A quiet revolution? Lorna Jane becomes first electric vessel to join UK fishing fleet 

A quiet revolution? Lorna Jane becomes first electric vessel to join UK fishing fleet 

From the deck of his silently running boat, Scottish fisherman Hans Unkles is watching dolphins leaping in the Sound of Jura. 
Hans Unkles behind the wheel of his electric fishing vessel, Lorna Jane

No noise, no fumes, no diesel; the 21-footer is the first in the UK fishing fleet to be entirely powered by electricity supplied mostly by solar panels during the summer. 

Hans launched the UK-registered Lorna Jane in June from his home village of Tayvallich in Scotland, where he designed and built it in his garden workshop, and since then has been sailing out each week to pull up lobsters. 

“The whole project was completely new,” said Hans (60), a professional boatbuilder who has been fishing the west coast of Scotland since he was 20 years old.  

“I was sticking my neck out and did not know the configurations I would need to power a relatively small boat.” 

The Lorna Jane electric fishing vessel
The Lorna Jane is powered by overhead solar panels

The technology should be usable for up to 12-metre vessels and Hans admitted it would not suit everyone – but it’s turned out to be perfect for catching lobsters. 

Hans can steam up to 70 miles at about five knots to pick up his catch and drop the pots, leaving them to soak for a couple of days, before returning home to recharge in the sun for two or three days and let his traps fill up again with lobsters. 

The vessel develops 30 horsepower from a 20kw electric motor.
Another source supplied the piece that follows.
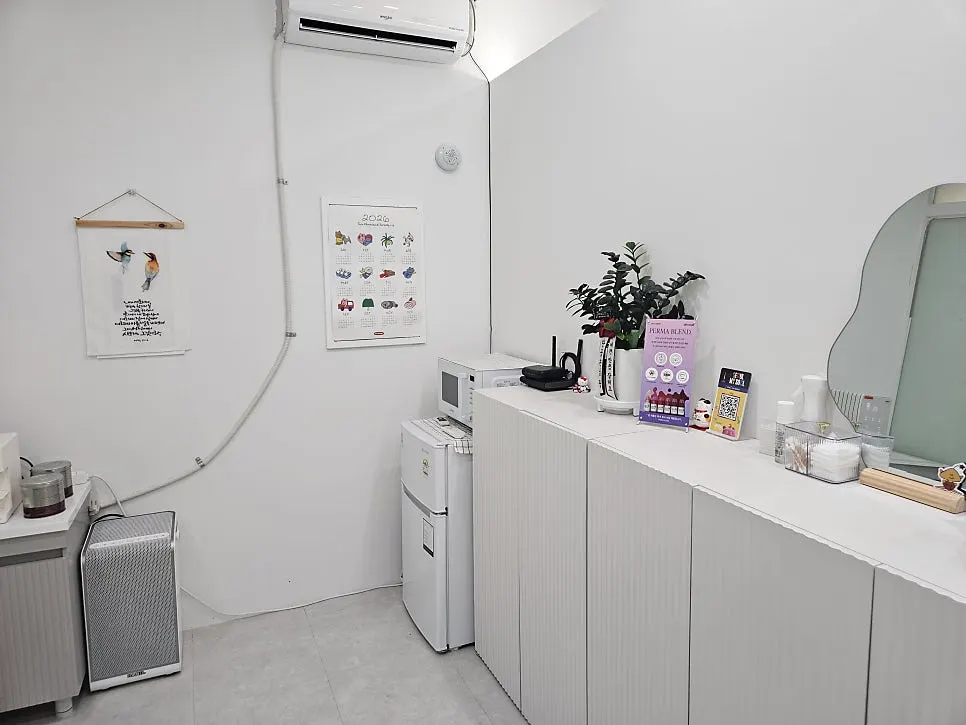 Treatment bed and mirror stations at Iyo Shop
During the summer the batteries plug into overhead solar panels on a frame above the deck, and in the winter can recharge at an ordinary shore powerpoint on the pontoon at Tayvallich. 
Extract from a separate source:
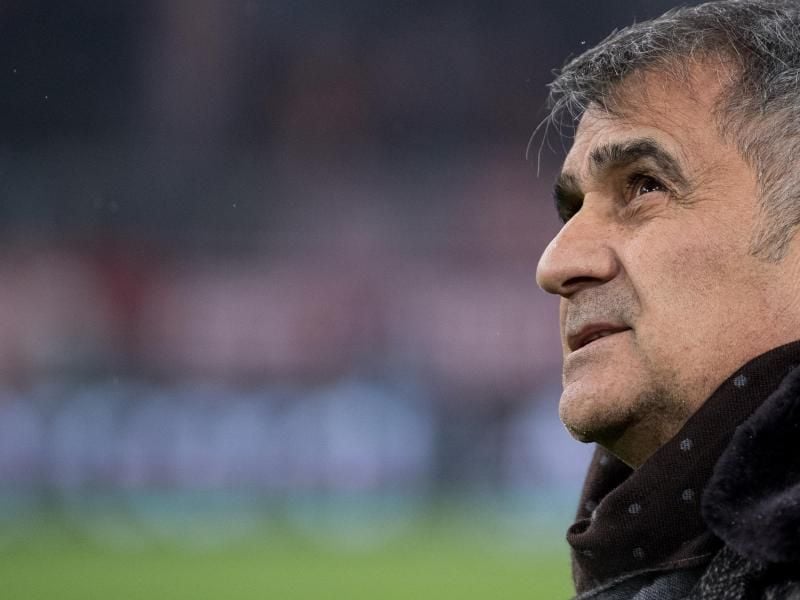 Besiktas-Trainer Senol Günes ist mit seiner Mannschaft nicht zum Nachholspiel gegen Fenerbahce angetreten. Foto: Sven Hoppe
Scotland is not famed for its sunny climate but in the summer has long hours of daylight, so only once between June and August did Hans have to resort to a petrol generator to recharge. 
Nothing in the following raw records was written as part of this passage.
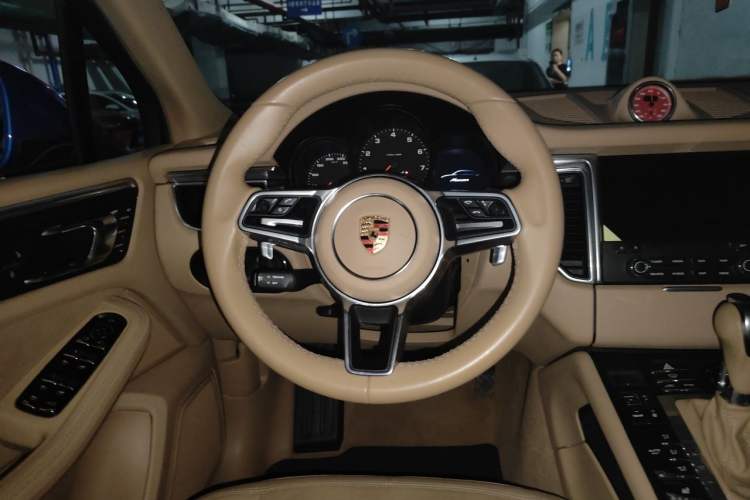 Used Porsche Macan 2017 Macan 2.0T Steering Wheel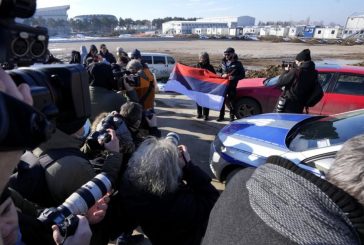 Сърбите посрещнаха Джокович като герой, той пренебрегна феновете си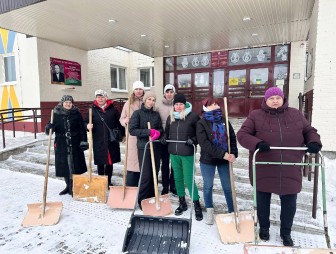 Сегодня расчистка снега продолжается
The inspiration that eventually grew into the Lorna Jane was sparked 20 years ago when Hans fitted a wind turbine on his house to do more for the environment. 

“I liked the concept of producing your energy out of renewables and out of stuff that is already there. I’ve also got solar panels on the house and in the garden and an electric car,” he said. 

“I was just seeing the statistics that came from that and I was thinking: that’s got to be worth trying on a boat.” 

A view of the Lorna Jane's bow
Hans built the Lorna Jane in a workshop in his garden

The result is a mix of old and new: a converted 1971 fishing vessel with an elevated rack of solar panels above deck and batteries below, driving a motor with a steering propeller. 

The bill for constructing such a groundbreaking craft was the heaviest factor weighing in the cons column, said Hans, but for him they are outweighed by slashing diesel costs, maintenance spend and environmental impact. 

As well as the absence of an engine’s ceaseless rattle, Hans added: “There’s another massive boost: I do not go home smelling of diesel. It’s a much more pleasant place to be.” 

He worked closely with Alasdair Davis, a Glasgow-based Senior Surveyor of the Maritime and Coastguard Agency (MCA), for the certificates to get the UK’s first electric fishing vessel on the water while ensuring it was safe and seaworthy. 

While Alasdair handled the process on the ground, a senior team supported from the MCA’s HQ in Southampton by drawing up a checklist after calculating how best to apply the codes to such a new a type of vessel. 

An example was adding ventilation pipes and humidity sensors to the batteries’ storage area under the deck, to protect the electrics from moisture. 

Alasdair applauded Hans for the quality of his work: “He picked high quality equipment to fit. He’s a boatbuilder so he made a good job of it – it's a very nice bit of kit. 

“It’s probably not for trawlers, obviously, as they require so much more power to carry heavy equipment and towing loads. But for creel fishing it’s a very good idea as you do not need a massive range.” 

Hans said the response of fellow fisherman seemed to be wait-and-see, but he has heard of someone local already planning to follow in his wake with something similar. 

Hans concedes his boat is unlikely to go into production in the near future but he sees it as important to be the first to try, in the hope of encouraging wider support for the principle of electric fishing vessels. 

He said: “My advice would be: go for it. It’s about investing in the future – on our current trajectory the future is very bleak. You have got to be prepared to invest the money. 

“I am not looking for any credit. I am looking for people to follow. That’s why I am promoting it – normally I would not want to attract any attention!”